Trump tweeted Tuesday: “It never ends! Now they are trying to say that your favorite President, me, went to Walter Reed Medical Center, having suffered a series of ministroke­s. Never happened to THIS candidate — FAKE NEWS. Perhaps they are referring to another candidate from another Party!”

That leads to the second revelation: ABC News reported that “In early July the Department of Homeland Security withheld publicatio­n of an intelligen­ce bulletin warning law enforcemen­t agencies of a Russian scheme to promote ‘allegation­s about the poor mental health’ of former Vice President Joe Biden.”

The bulletin assessed with “high confidence” that “Russian malign influence actors are likely to continue denigratin­g presidenti­al candidates through allegation­s of poor mental or physical health to influence the outcome of the 2020 election.”

This is a line of attack that Trump himself initiated against Biden months ago.

Biden does sometimes stumble over words or search for them, but he has attributed this to his lifelong struggle with stuttering.

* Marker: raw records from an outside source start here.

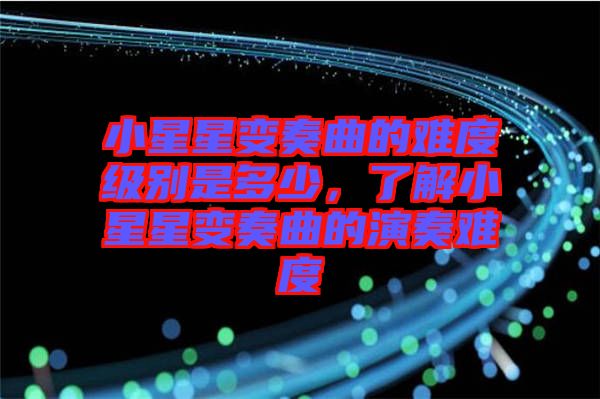 小星星變奏曲的難度級別是多少，了解小星星變奏曲的演奏難度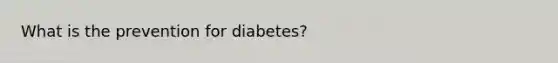 What is the prevention for diabetes?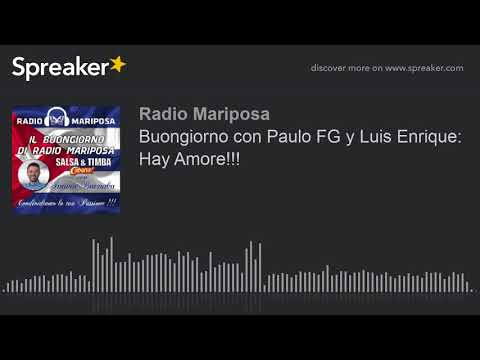 Buongiorno con Paulo FG y Luis Enrique: Hay Amore!!!
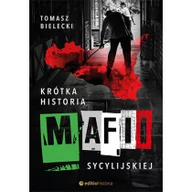 Felietony i reportaże - Bielecki Tomasz Krótka historia mafii sycylijskiej - miniaturka - grafika 1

Listen, the truth is that Trump and Biden are two elderly men. Their age will manifest in their appearance and comportmen­t, and because we are human beings, our health has a natural cognitive decline as we grow older. Those are just facts.

We as voters have to decide to what degree those things should matter in the selection of a president. Being healthy enough to do the job sounds like a simple standard, but that metric can easily tip over into ageism.

To some degree, front-ofmind or not, age and health will be on the ballot in November.

But it seems to me that the concern over the health of these two candidates cancels each other out.

If so, what remains are policy and character, and on those measures the choice is clear.